Reproduce the data below in full and exclude every picture.

*** Recorded information ***

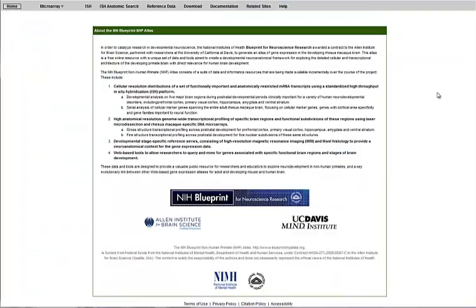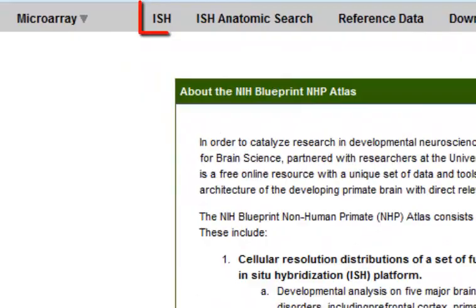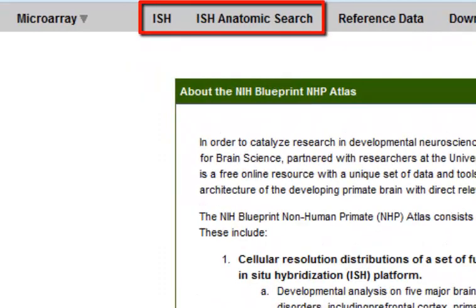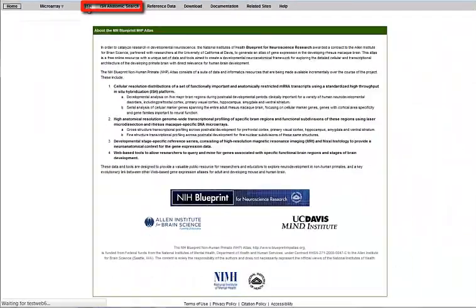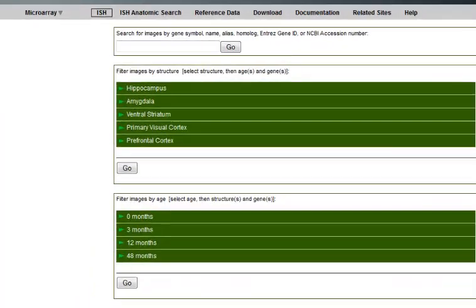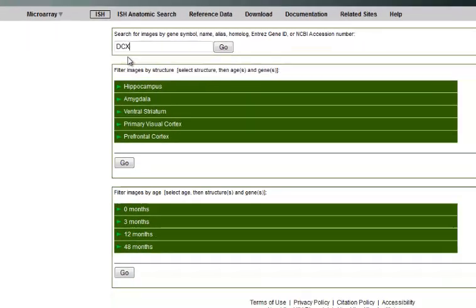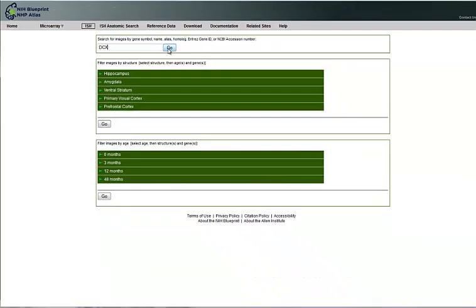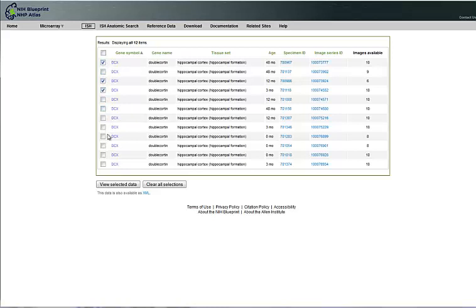While there are several distinct data modalities in this atlas, we will be focusing on searching and navigating the in-situ hybridization data. For a simple gene search, type your gene name or abbreviation into the text box and click Go. This dataset includes at least three replicates at each stage. I'll choose one experiment at each developmental stage, and then click View Selected Data.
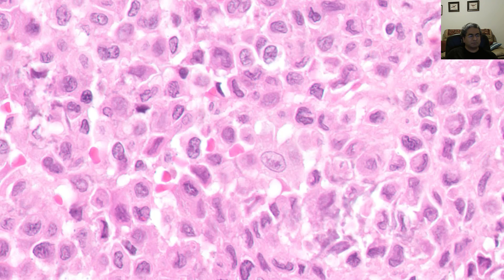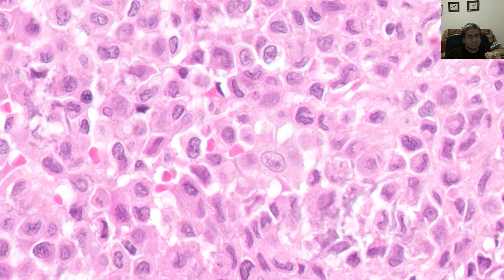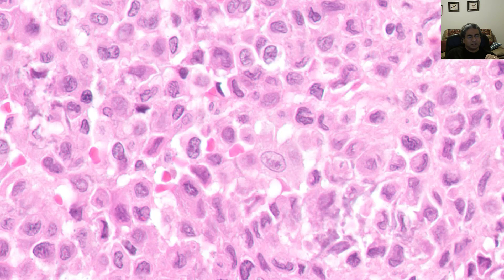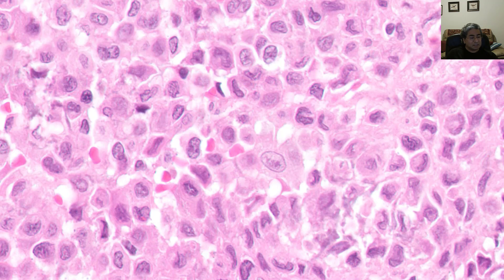This is the key cell of chondroblastoma. The cells have abundant dense eosinophilic cytoplasm and distinct cytoplasmic membranes. But it's the nuclei that are most characteristic — they are oval and very vesicular. You do not see prominent nucleoli, but you do see very prominent grooves. They often remind me of Langerhans cells.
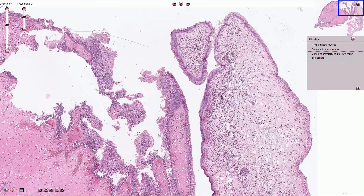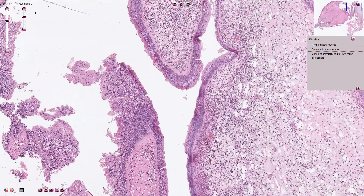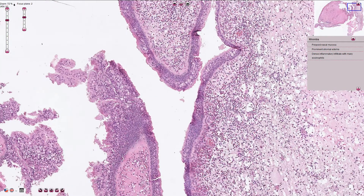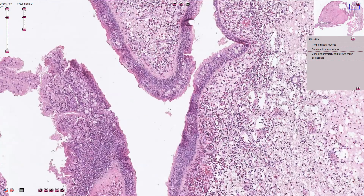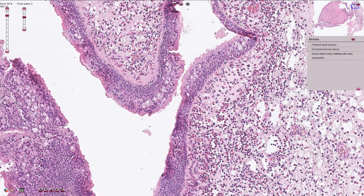On higher magnification we can see that the mucosa is lined by pseudostratified epithelium of respiratory type, which consists of basal cells, ciliated cells, and goblet cells. It looks like stratified columnar epithelium; however, all the cells are connected to the basement membrane, so we call this pseudostratified respiratory type of epithelium.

*** End of Recorded information ***

● **Output below**
While there are several distinct data modalities in this atlas, we will be focusing on searching and navigating the in-situ hybridization data. For a simple gene search, type your gene name or abbreviation into the text box and click Go. This dataset includes at least three replicates at each stage. I'll choose one experiment at each developmental stage, and then click View Selected Data.
This is the key cell of chondroblastoma. The cells have abundant dense eosinophilic cytoplasm and distinct cytoplasmic membranes. But it's the nuclei that are most characteristic — they are oval and very vesicular. You do not see prominent nucleoli, but you do see very prominent grooves. They often remind me of Langerhans cells.
On higher magnification we can see that the mucosa is lined by pseudostratified epithelium of respiratory type, which consists of basal cells, ciliated cells, and goblet cells. It looks like stratified columnar epithelium; however, all the cells are connected to the basement membrane, so we call this pseudostratified respiratory type of epithelium.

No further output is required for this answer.